Activity — Only the pictures should be left out; repeat the rest of the data exactly.

Dataset section —
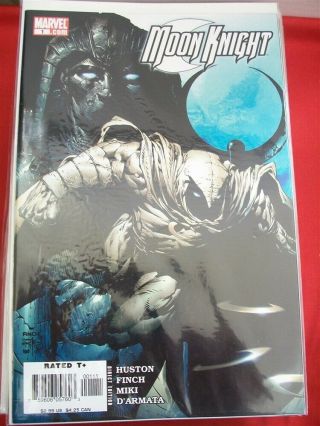 Moon Knight 1 - 30 Marvel Comic Set Complete Huston Benson Texeira Suydam 2006 Nm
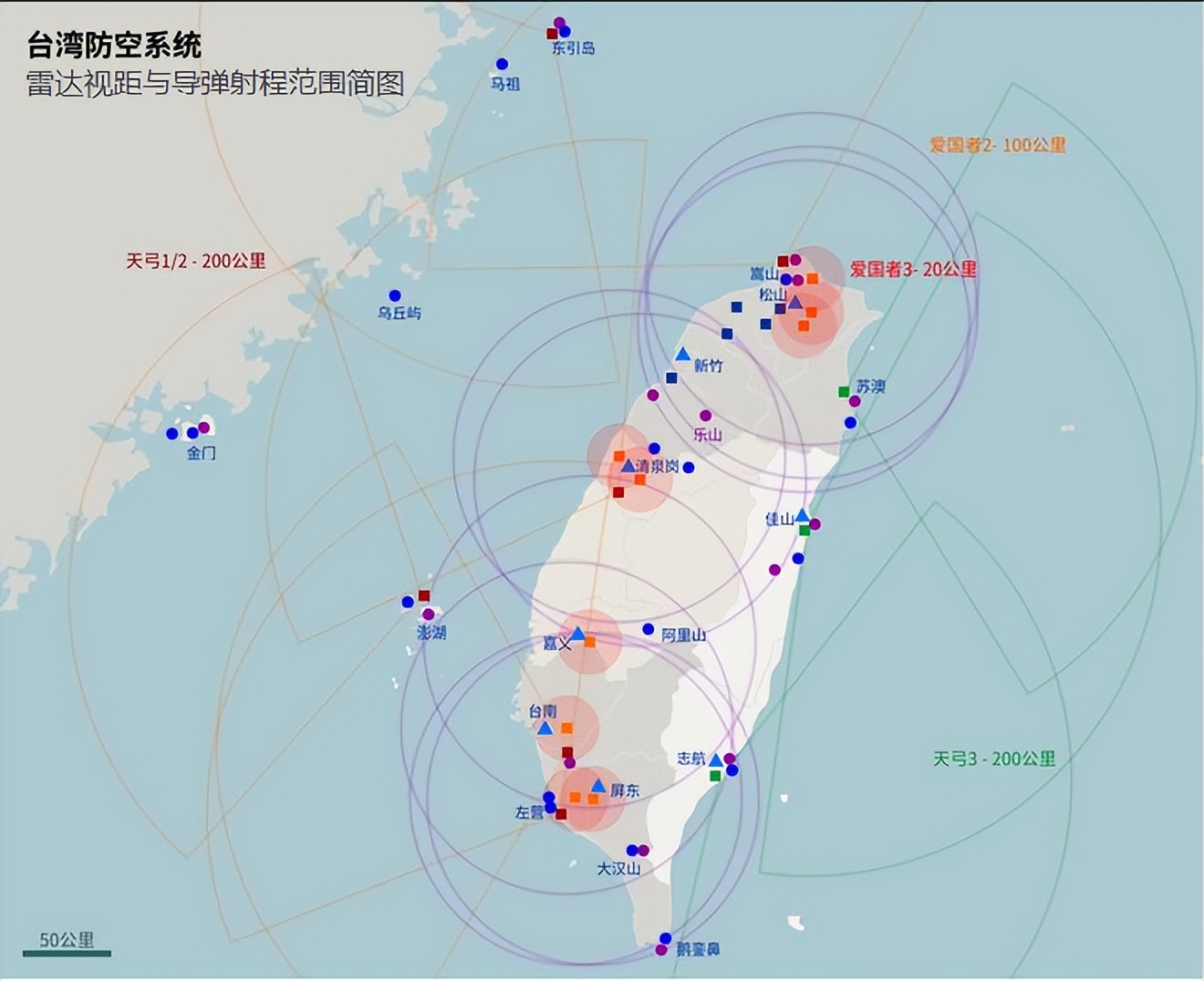 面对4个旅、39个阵地、超3000枚导弹，我军能击穿台湾防空体系么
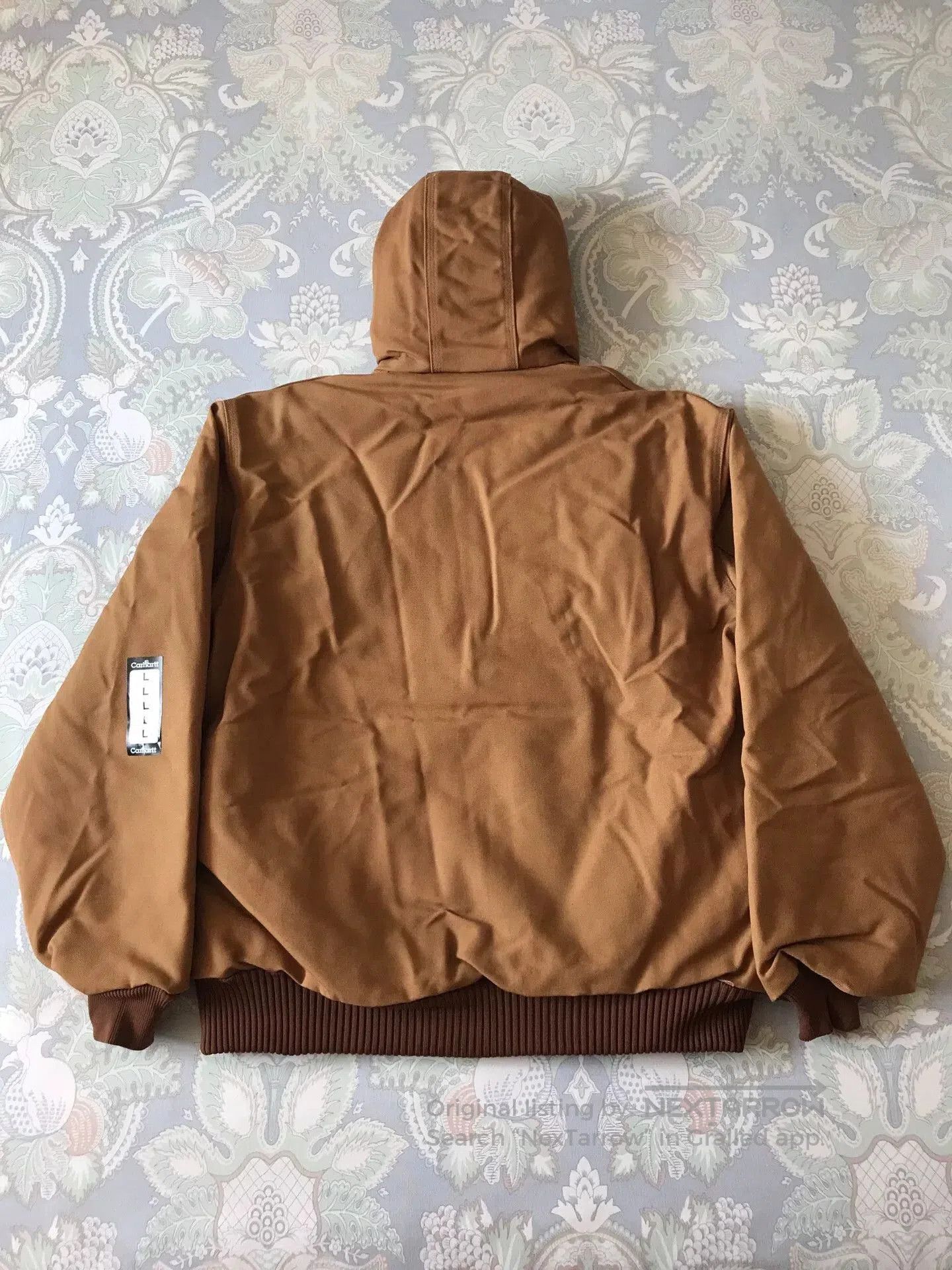 Carhartt Carhartt UJ140 Hooded Work Jacket. Size US L / EU 52-54 / 3 - 2 Thumbnail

Answer area —
 Moon Knight 1 - 30 Marvel Comic Set Complete Huston Benson Texeira Suydam 2006 Nm
 面对4个旅、39个阵地、超3000枚导弹，我军能击穿台湾防空体系么
 Carhartt Carhartt UJ140 Hooded Work Jacket. Size US L / EU 52-54 / 3 - 2 Thumbnail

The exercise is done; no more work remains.